Researchers who treated a group of post-surgery bladder cancer patients with the immunotherapy drug atezolizumab have found that patients whose blood contained circulating tumour DNA (ctDNA), responded very well to the treatment.
The study is presented today at the European Association of Urology annual congress (EAU22), in Amsterdam.
The research was part of a larger Phase III trial, IMvigor010, which looked at whether giving atezolizumab for up to one year to patients following bladder removal surgery improved the patients’ survival prospects, compared to a group that received no further treatment after surgery but placed in an observation group. Part of that trial involved patients’ levels of ctDNA being measured after surgery, and during further treatment or observation.
Although the trial found no significant difference in overall survival between the two groups in the intention-to-treat population, researchers noticed that a subgroup of patients who were ctDNA positive showed a marked improvement when they were given atezolizumab. These benefits included significantly higher disease-free survival, and significantly higher overall survival, than the observation group. This effect wasn’t seen in ctDNA negative patients.
In addition, the researchers also found that patients that were ctDNA positive, but subsequently changed to became ctDNA negative after treatment with atezolizumab, ultimately had a particularly good prognosis.
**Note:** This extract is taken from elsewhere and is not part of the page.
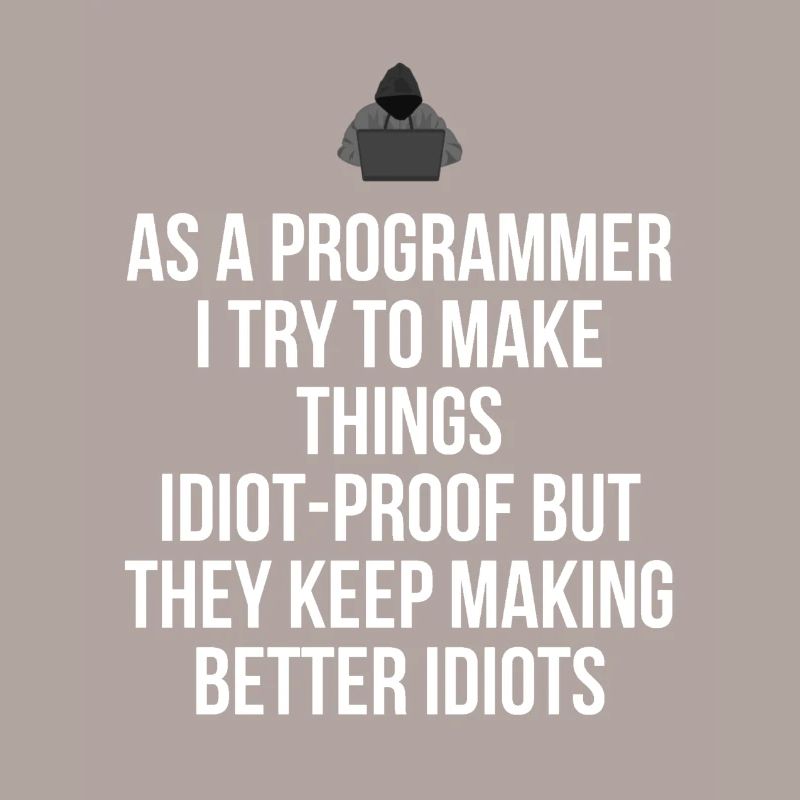 As a programmer i try to make thighs idiot-proof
ctDNA comprises fragments of DNA shed from cancerous cells and tumours that are found in the bloodstream. Sometimes known as a ‘liquid biopsy’, it has emerged as a promising, minimally invasive biomarker in clinical oncology, but isn’t yet widely used as part of a standard detection and treatment tool for any cancers. It involves tumour specific gene sequencing for every patient, so is time-consuming and, at present, relatively expensive.
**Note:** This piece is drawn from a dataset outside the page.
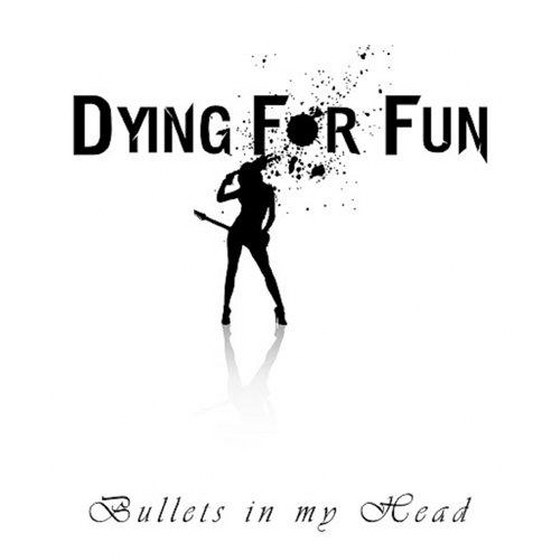 Dying For Fun. Bullets In My Head (2014)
Professor Gschwend, Chairman of the Department of Urology at the Technical University of Munich, said: “We already knew that patients who are ctDNA positive have a poor prognosis compared to those who are ctDNA negative. But this is the first time we’ve been able to show that with immunotherapy we can actually change the course of the disease depending on a patient’s ctDNA status. “
He continued: “If we can prove that consequent drug activity is linked to ctDNA status, and that high-risk patients will benefit, that could in time change the standard treatment pathway – and ultimately bring down the average cost of ctDNA analysis. ”
Professor Morgan Roupret, Chairman of the European Section of Onco-Urology of the European Association of Urology, said: “The field of personalised medicine, using not only clinical but molecular indicators, is just around the corner. So, analysing ctDNA is very interesting. It is relatively easy to do with new technology and it means we can select a subset of patients who are likely to respond.”
The next step will be the upcoming IMvigor 011 study, which has been redesigned as a consequence of these results. With 500 participants, the trial will further evaluate the use of ctDNA sampling, and will compare atezolizumab against placebo in only ctDNA-positive patients, post-surgery.
Professor Roupret added: “Unlike in prostate cancer, where we can measure PSA as a marker of the cancer, until now we haven’t had anything we can use for bladder cancer. But these robust findings show that that ctDNA has great potential as a sophisticated tool to monitor patients and choose their most effective treatment. The progress of the IMvigor 011 study will be watched closely by specialists for a greater assessment of the use of atezolizumab in bladder cancer patients.”